Unfortunately, this was to be my one and only class because, according to Hassan, a beginner course normally takes around 10 hours, or a week, to complete and I was only in Ras Sedr for the weekend. The course includes the two-hour intro on the beach, body drag, a four-line, and a five-line kite, then a water start. "After the course, depending on the surfer's intelligence and fitness, he will be able to go and come upwind but without doing jumps or freestyle," Hassan added.
After my exhausting training, I joined my new "kite surfing buddies" for a cold drink and chit-chat in the cosy cafeteria in front of the centre. Since I was new to the community, Mohamed Hassan, who has been a windsurfing instructor for the past 10 years, and a kitesurfing instructor for five years, introduced me to my new friends. "This is the best spot in the whole of Egypt for kitesurfing," said Andrew Rutherford, a young Briton who has been living in Egypt for the past four years.

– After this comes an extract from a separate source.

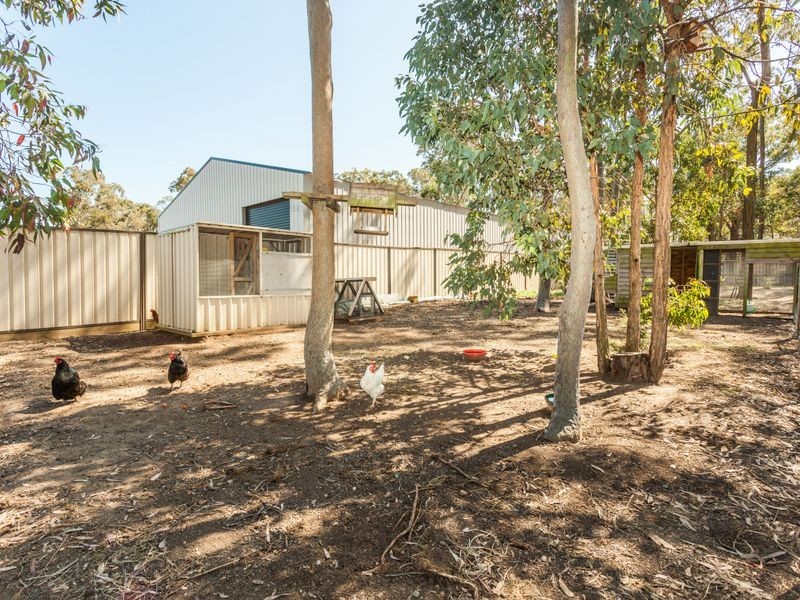 3 Kookaburra Close, Weston NSW 2326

Rutherford said the beach had all the right ingredients for superb surfing: wide beach, no rocks, soft sand, the right depth of water, and proximity to Cairo. "I used to windsurf but I switched to kitesurfing two years ago. It's more exciting and easier to learn tricks," he said.

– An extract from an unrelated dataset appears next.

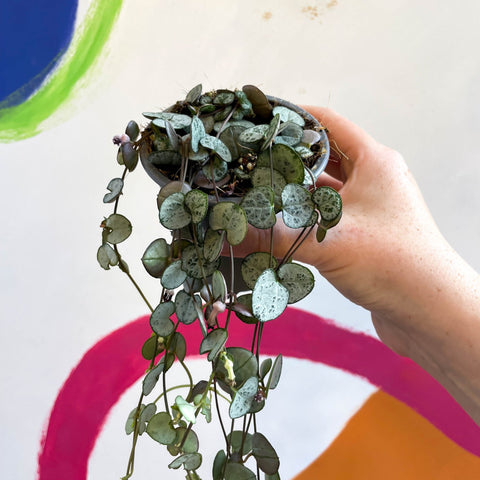 Ceropegia woodii 'Silver Glory' - String of Hearts - Sprouts of Bristol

Justin Knight, from Scotland, and who has been living in Egypt for two years, agreed with Rutherford that it was by far the best spot for kitesurfing. "I surfed in Hurghada and El-Gouna before, but this spot is idyllic," said Knight, who learnt how to kitesurf in Scotland.

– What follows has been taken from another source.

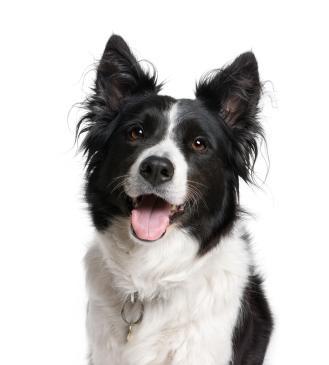 Border collie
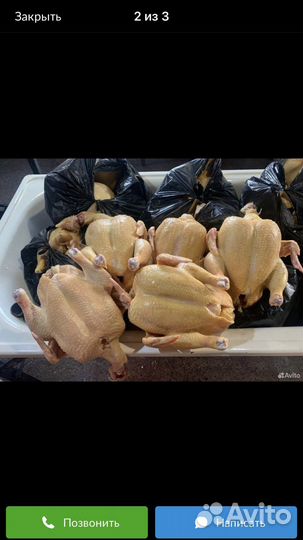 Куры тушки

The spot, in front of Ramada Ras Sedr Resort, is called Ras Matarma, and it is the best site for beginner wind and kitesurfers, regardless of their level. Mohamed Hassan explained that the factors for an ultimate safe and thrilling experience are all an arm's length away. "The beach has to be wide, with no obstacles, in order not to hinder the kite lines. We also have steady side shore winds." I asked Hassan the criteria that make a good windsurfer or kitesurfer. He cited physical fitness and being a good swimmer at the top of the list.
French, Germans, and Russians lead the nationalities that come to Egypt to practice surfing which became popular in the country in 1993, while kitesurfing did not take off in Egyptian waters until 1999 or 2000.
"I am very proud that we have more than 42 per cent repeat guests in the hotel," Mustafa El-Haddad, general manager of Ramada Ras Sedr Resort, told Al-Ahram Weekly in the beach café. El-Haddad said the annual occupancy rate of the hotel is 70 per cent but could be more if not for the water shortage problem. "The hotels' share in the water coming from Ras Sedr City Council is scarce and inconstant," he said, adding that because the share of the hotel is very small, he is obliged to buy water from a desalination station for triple the price. "Ras Sedr's water station is incredibly small so it doesn't have the capacity for more water. This is not our problem alone. I'm speaking on behalf of all Ras Sedr's hotel managers," El-Haddad told the Weekly.
It was a hot summer day, 6pm, and it was time for me to go back to overcrowded, polluted, stressful Cairo. But I wasn't ready to leave. I lingered on the beach like a child begging her mother to play longer. I decided to take a last stroll on the wooden bridge, and have the azure and turquoise hues of the sea, lying against the golden desert, as the last cherished memory of this haven in my head.
Traveller's notes:
Ras Sedr is located at the tip of the eastern coast of the Suez Gulf, about 80km south of Suez and roughly 60km south of the Ahmed Hamdi Tunnel. It is an almost two-and-a-half-hour drive, however, since most of the two-way highway is not well lit, it is not safe to drive at night. East Delta and Super Jet buses can be taken from the new Cairo Gateway in the Torgoman station.